Step into my life, though, and it gets a little complicated. While I have been homeschooling most of my children for the last twenty years, in the last year we have had two children in public school. And now my university is hinting that all our classes will go to an online format. Which means that I will be homeschooling my home-schooled children, homeschooling my public-schooled children, and yes, homeschooling myself through college. All with ONE computer and pretty iffy internet service. Combined with a serious toilet paper shortage (we have 30 rolls left, which may last us 15 days if we are really, really conservative) and I am in the position of toilet paper monitor and triple school matron. This should be fun.

I understand the need to flatten out the exposure curve, and we are happy to do our part. Over the next two weeks, I will have a nice hiatus from my regular college work, which will give me a grand opportunity to work on a massive semester-long paper. My kids will get to experience the joy of playing outdoors and entertaining themselves with games from our game cabinet while the public-schooled kids take turns using the internet to complete their assignments and I work with the others as usual. I will save a lot of money on gasoline, which I can then spend on groceries because kids at home eat more.

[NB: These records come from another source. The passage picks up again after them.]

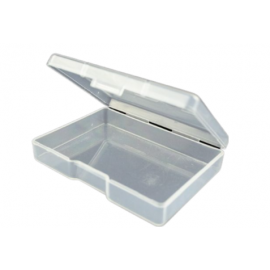 SURECATCH TACKLE CASE 22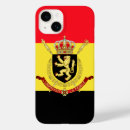 Search for belgique iphone cases België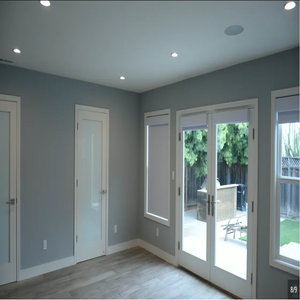 Photos by Mk Construction & Builders Inc #1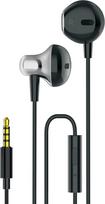 laidines ausines 3,5mm - D-Fruit earphones SmartSound 3,5mm DF122 | 50496 - 3 nuotrauka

I may even take out the sewing machine again. Many years ago, when I was in the throes of making cloth diapers for environmental and economic savings, I had a brief conversation with the Handy Man where I broached the possibility of joining the home toilet cloth movement. Yes, there was such a movement among diaper-making circles. People had long discussions about the merits of making their own toilet cloths, the proper size of such, and how to properly care for them. (It turns out, they are very similar to cloth diapers that way. Go figure.) The Handy Man didn’t bat an eyelash when forbidding me to introduce such a practice into our home. Cloth diapers he could handle, but cloth toilet paper, he could not, he would not. I still have some diaper cloth in my closet. I had grand notions of selling it. We may be able to survive the toilet paper crisis of 2020…but it may not please everyone in my family.

So, if you are hoarding toilet paper, please think of the Handy Man. I am only too eager to demonstrate the absorbent qualities of homemade toilet cloths, but I am not sure it would be good for our marriage. I have a sneaky suspicion the kids may rebel, too. I hope all of you survive this threat with health intact. And may your toilet-paper never run out.